The average time taken to transfer a standard, registered title in Ireland is now over three months. In order to reduce this to closer to three weeks, a range of measures must be implemented; unfortunately, there is no silver bullet. No single stakeholder can streamline the entire process; a multi-agency approach is required.
Below we have outlined the measures required and the stakeholder responsible for each. It is said that “perfect is the enemy of the good” and this is very much true of the conveyancing process. To date, the problem has been presented as binary: we either move to a best in class, fully-digital e-conveyance solution capable of efficiently transferring title in days or we do nothing at all. This is not the case. We must crawl before we walk and walk before we run. Accordingly, the measures below have been categorised as either crawl, walk or run measures.
Crawl Measures
Crawl measures are quick-win, low hanging fruit, “no-brainer” measures that can be quickly implemented at low or no cost. These measures are extremely important however as they show practitioners that progress is possible. The decades-long stasis must be broken. A journey of 1000 miles begins with a single step. Below are the proposed first steps.
Policy Measures
Policy measures are perhaps the most attractive in that, at the stroke of a pen with no cost, meaningful efficiency gains can be realised.
Background:
Auctioneers often list properties for sale without confirming that their client has engaged a solicitor or has requested the deeds from the lending institution, if applicable. It is not uncommon for the first time a solicitor to hear that a property is to be sold, is on receipt of a sales advice note. When this happens, all parties must brace themselves for a tortuous three month ordeal as getting the deeds alone can take over a month.

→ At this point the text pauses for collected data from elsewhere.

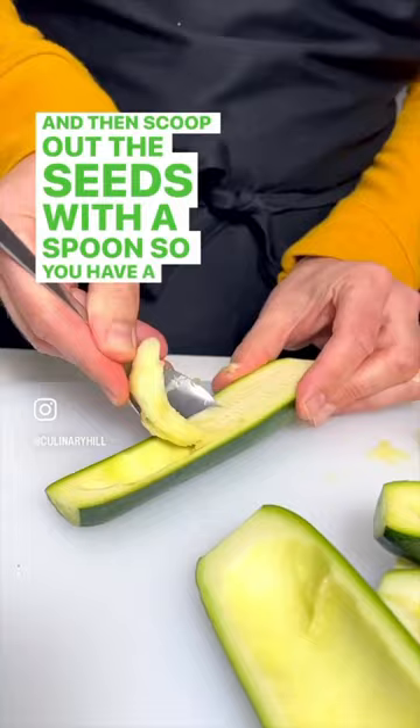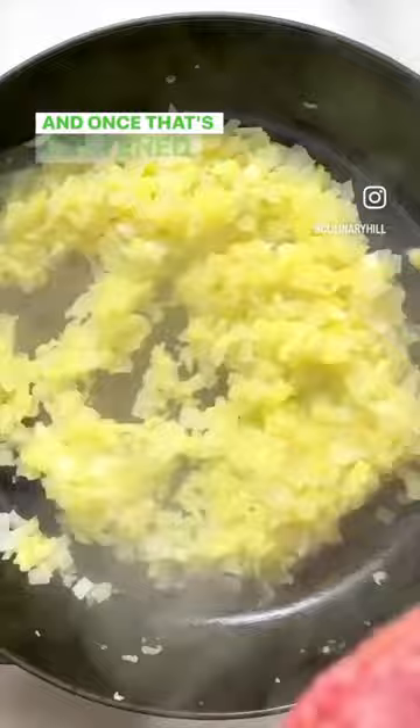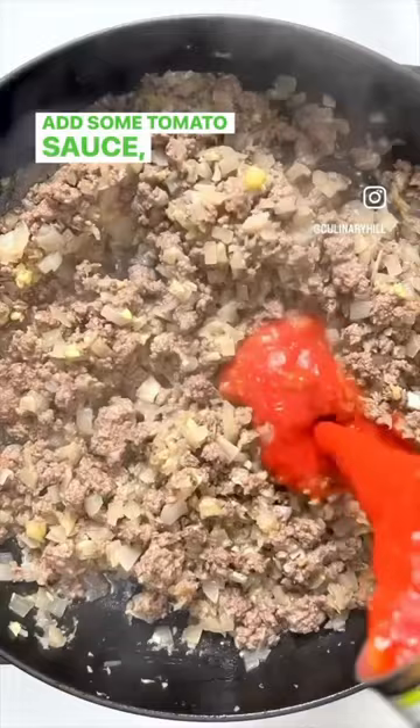Chop up that inside zucchini flesh and then saute it in a skillet with oil and onion. Once that's softened, add a pound of ground beef. When your beef is cooked through, add some tomato sauce, cooked rice, and a little bit of parsley for color.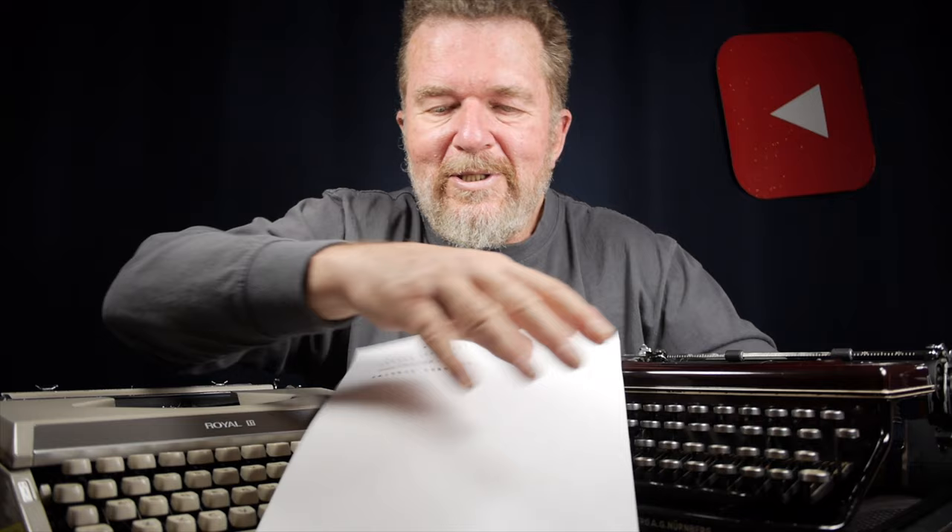If your machine has the right kind of spacing, you can create these interesting font effects — double struck characters and true bolding. Have you ever thought about this before? Do any machines in your collection do this double striking effect, or what I'd call one-third spacing on the down press of the space bar? Go try it out and let me know what you find. For my Royal Mercury, I'm certainly going to be using it for titles and headers. Drop a note below — I'd love to hear your thoughts. Stay safe, stay well, stay creative, and have a great day!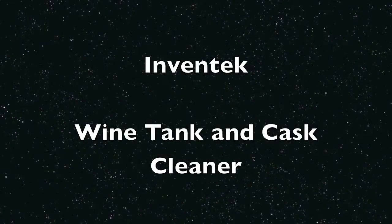This is a video about Green Chemistry Wine Tank and Cask Cleaner. This product can be used safely without using caustics to clean your wine tank.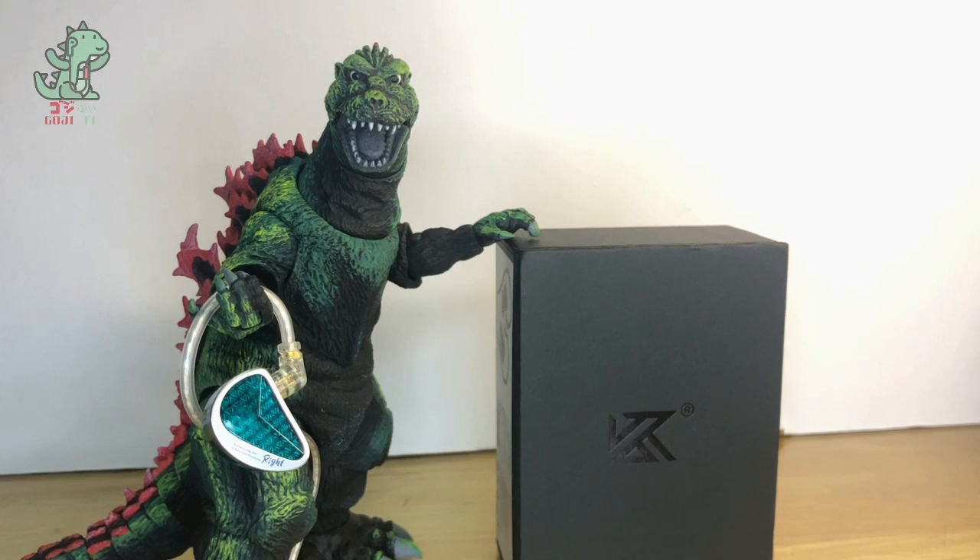I tested this using Nightwish and Behemoth songs. Those artists, especially in their latest albums, have great vocal layering and melodies. The KZ AS16 Pro definitely renders them excellently, but it still lacks the definitive layering that these harmonies need to have their full impact.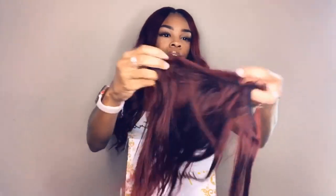Moving on to what's actually inside the box — of course you'll get your three bundles and a closure, whatever you order. This is just what I have left over for my install; I didn't bleach the hair at all, but I'll get into that. You also get a little gift — I received lashes, and I've seen someone else receive flexi rods. I'll insert a clip of how the hair looked before I bleached it, right when I took it out of the bag.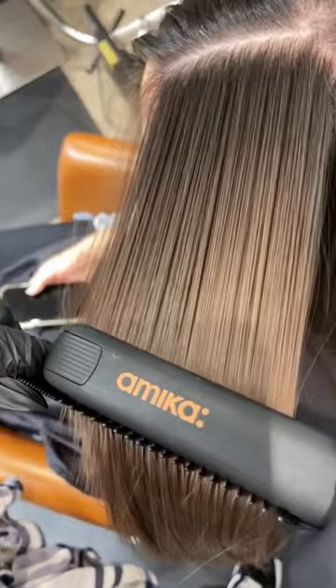Then we're going to go ahead and straighten the hair — up to four passes for a sleeker look. This is how her hair looked after. But here's the crazy part: I have to go in and rinse it for two to three minutes.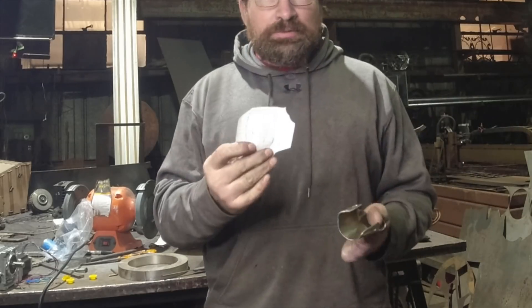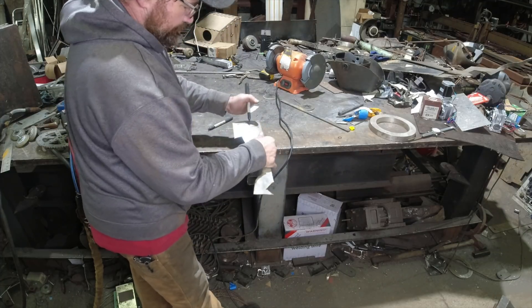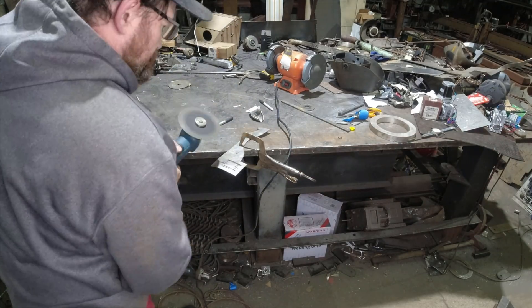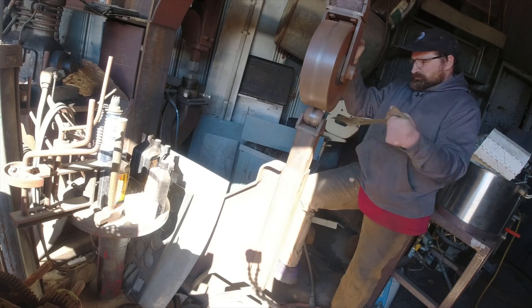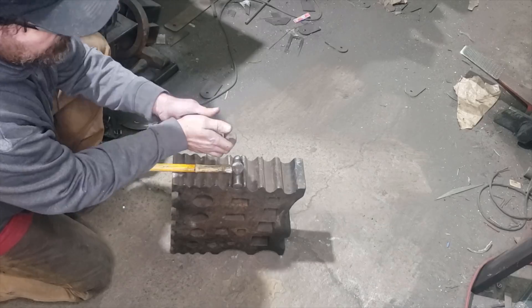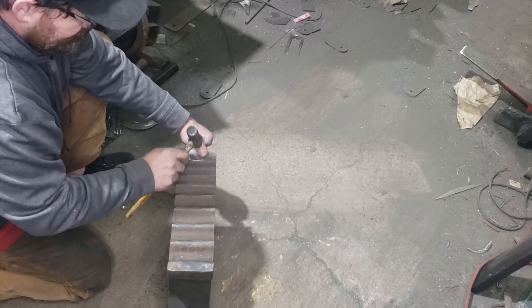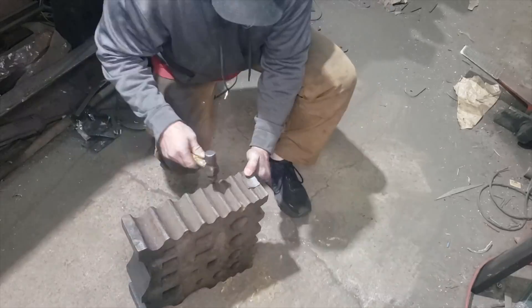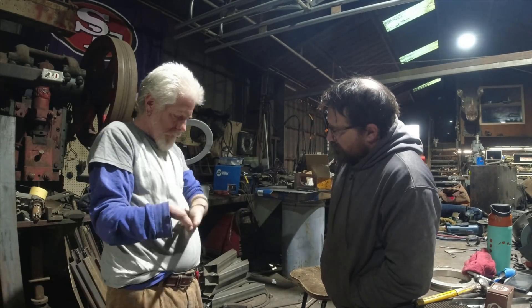We started out by making a paper template of the socket area and transferring that shape to a piece of thin sheet metal. From there, I rough cut the profile and started forming it around a piece of tubing. Once we got the socket portion to fit Jim's thumb, we could start laying out the tool portion. We started out with the pen holder side, and once we figured out a rough shape that worked, we turned to the scoop side.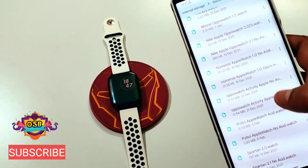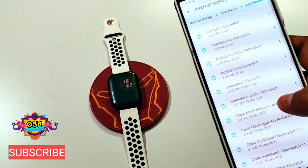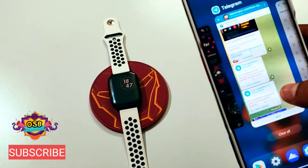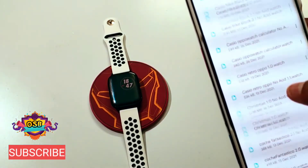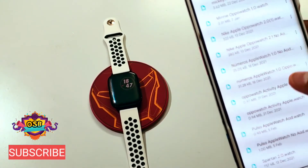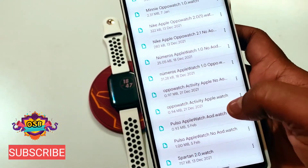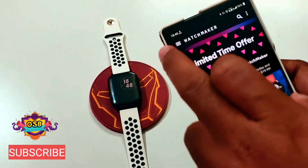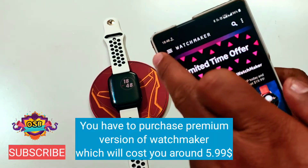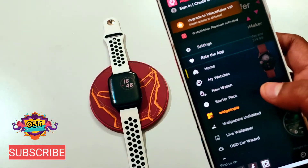Here are the presets I have downloaded — there are tons of presets. The preset name is 'Pulso Oppo Watch.' Let me search — yes, this is 'Pulso Apple Watch,' AOD and without AOD. After saving the file, open the WatchMaker app. You can see three bars — press that, and in the menu you will see the 'My Watches' section.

IPAV has sponsored a bill, currently before the Oireachtas, to tackle this issue by requiring auctioneers, by law, to ensure that the legal pack is ready before the property is advertised for sale. The difficulty with this bill is that it moves the point at which the legal pack is prepared from after the property is sale-agreed to before the property is advertised for sale. Moving the task to a different stage in the process, without reducing the time taken to conduct the task itself, doesn’t expedite the overall process. As below, by precluding vendors from preparing the legal pack while the property is on the market, the bill, if enacted, would actually delay matters.
However, estate agents should ensure that their clients have engaged solicitors and have commenced gathering the legal pack before listing the property for sale i.e. gather the documents while the property is on the market. While we sincerely commend the intent behind the bill, we think it would actually delay, not expedite, the overall time required to sell a property, from decision to sell to closing the sale.
Proposal:
The PSRA and IPAV should advise all estate agents to ensure that solicitors are engaged and title deeds have been requested from lending institutions, when applicable, contemporaneously with listing the property for sale.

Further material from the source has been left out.